> Instructions to follow: Print every line of the listing below, starting with the line that holds "HOMCOM Fauteuil chauffeuse" and going on through the line that holds "Halle Berry |", both included, and print nothing else.

*** Data for processing ***

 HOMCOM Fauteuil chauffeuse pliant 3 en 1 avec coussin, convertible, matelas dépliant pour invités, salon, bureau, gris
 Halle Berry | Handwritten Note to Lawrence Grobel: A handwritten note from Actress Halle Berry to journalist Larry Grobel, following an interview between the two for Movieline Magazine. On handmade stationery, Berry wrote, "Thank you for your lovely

*** End of Data for processing ***
*** Data for processing ***

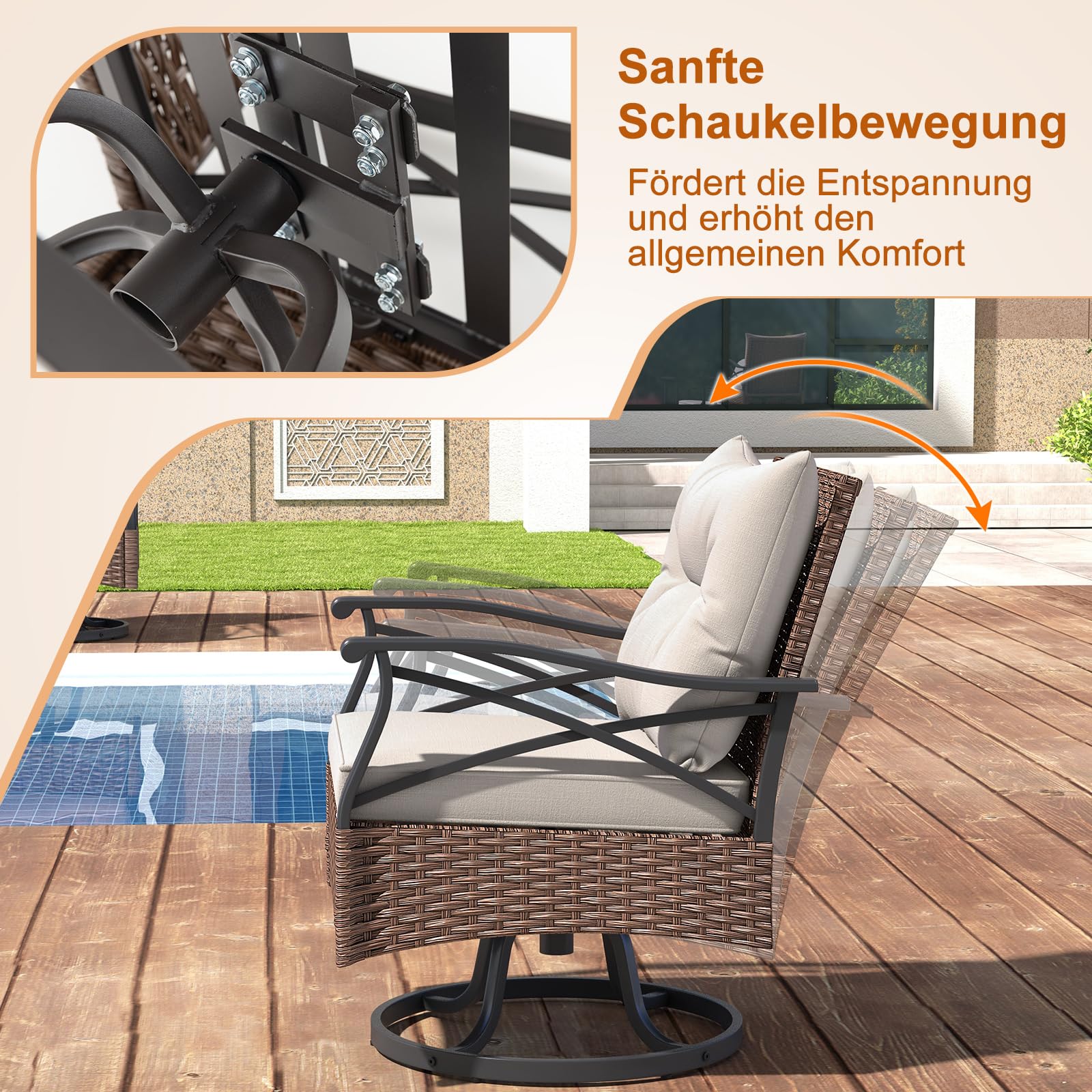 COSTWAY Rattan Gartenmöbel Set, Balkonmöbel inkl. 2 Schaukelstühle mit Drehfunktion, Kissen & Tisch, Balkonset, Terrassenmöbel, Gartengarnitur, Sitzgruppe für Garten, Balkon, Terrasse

*** End of Data for processing ***
*** Data for processing ***

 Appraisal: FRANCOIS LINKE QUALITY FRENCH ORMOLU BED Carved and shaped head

*** End of Data for processing ***

> Response area:
 HOMCOM Fauteuil chauffeuse pliant 3 en 1 avec coussin, convertible, matelas dépliant pour invités, salon, bureau, gris
 Halle Berry | Handwritten Note to Lawrence Grobel: A handwritten note from Actress Halle Berry to journalist Larry Grobel, following an interview between the two for Movieline Magazine. On handmade stationery, Berry wrote, "Thank you for your lovely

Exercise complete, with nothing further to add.